Hackable: Ubuntu boots on 8-bit microcontroller
Source: Dmitry Grinberg Developer Dmitry Grinberg has apparently managed to boot Ubuntu Linux up to the shell on an Atmel 8-bit microcontroller; this has led some to ask if he's a genius or a madman. Since normal Linux distributions expect to find a 32-bit processor and a memory management unit (MMU), Grinberg had to overcome several obstacles. For example, he didn't hesitate to write an ARM emulator (ARMv5TE) for the ATmega1284p, which is slightly overclocked at 24 MHz. The developer said that he chose ARM because he was already familiar with this technology and because Linux runs on ARM processors.

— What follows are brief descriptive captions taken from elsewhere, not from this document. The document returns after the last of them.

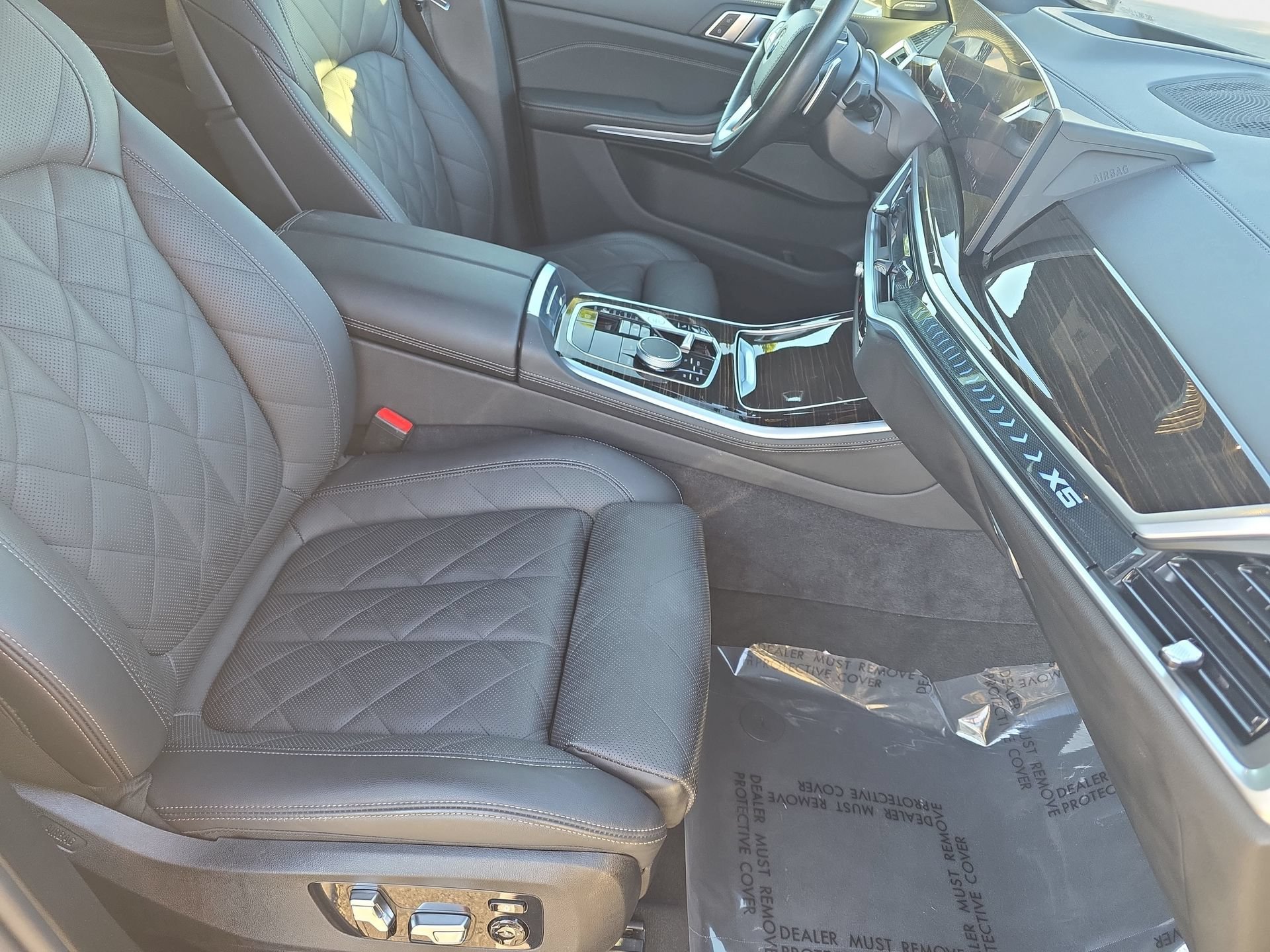 Used 2025 BMW X5 xDrive40i AWD/4WD image 10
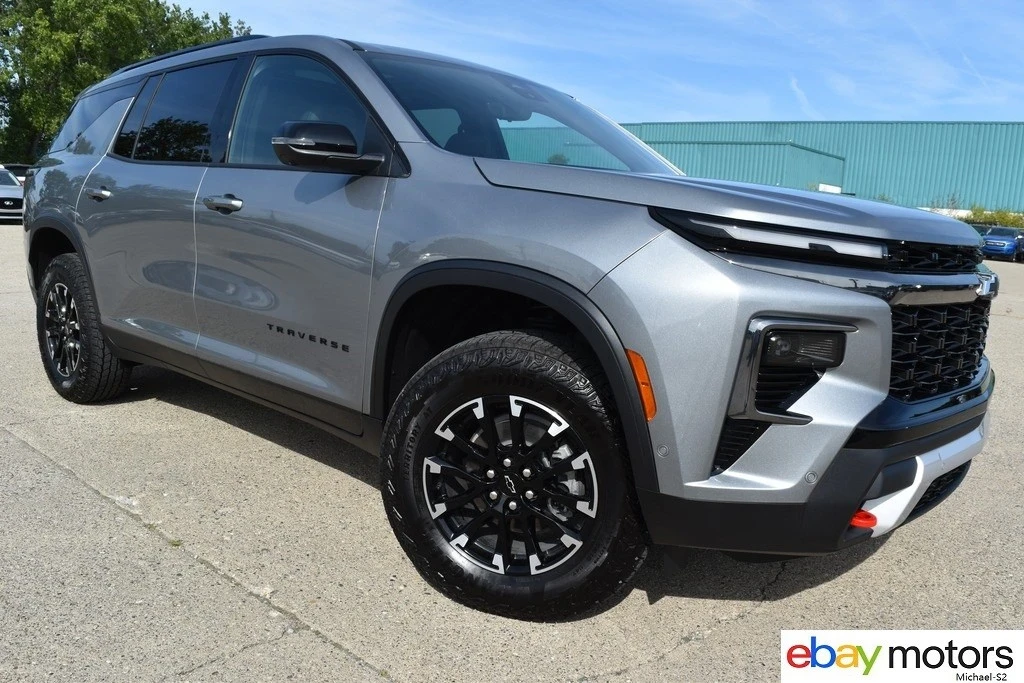 2024 Chevrolet Traverse - Image 3 of 21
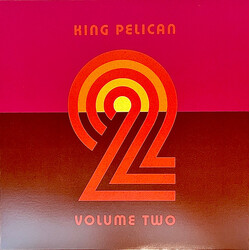 King Pelican Volume Two Vinyl LP USED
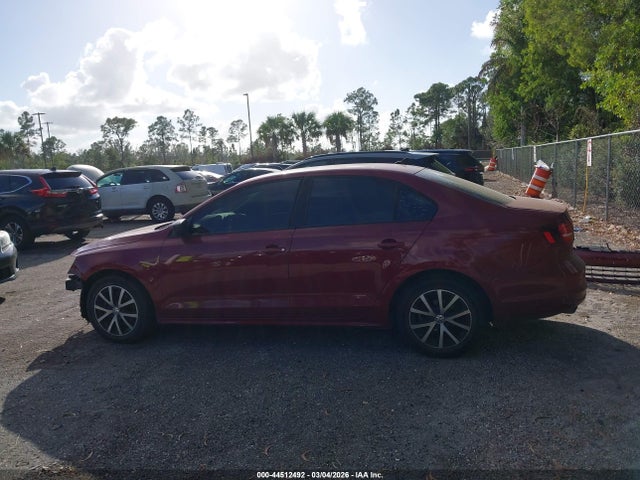2016 Volkswagen JETTA 1.4T SE — фото 15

The microcontroller itself only offers 16 KB of RAM and 128 KB of Flash memory, but it was extended for the project using a 1 GB SD card and an old PC memory module (30-pin SIMM). Grinberg used bit banging to program the memory interfaces himself. This allows the SDRAM to be read with a bandwidth of 300 KB per second. Grinberg says that the effective speed of the emulated ARM CPU is 6.5 KHz – consequently, booting the chosen Linux version to the prompt did require a hefty two hours. Booting should be considerably faster with more compact Linux derivatives.
On his web site, Grinberg has released a detailed description of his efforts complete with a video clip. The developer has made the emulator source code available to download and provides tips on how to port the code to other processors. Dmitry Grinberg's description has also attracted readers' comments that are worth reading.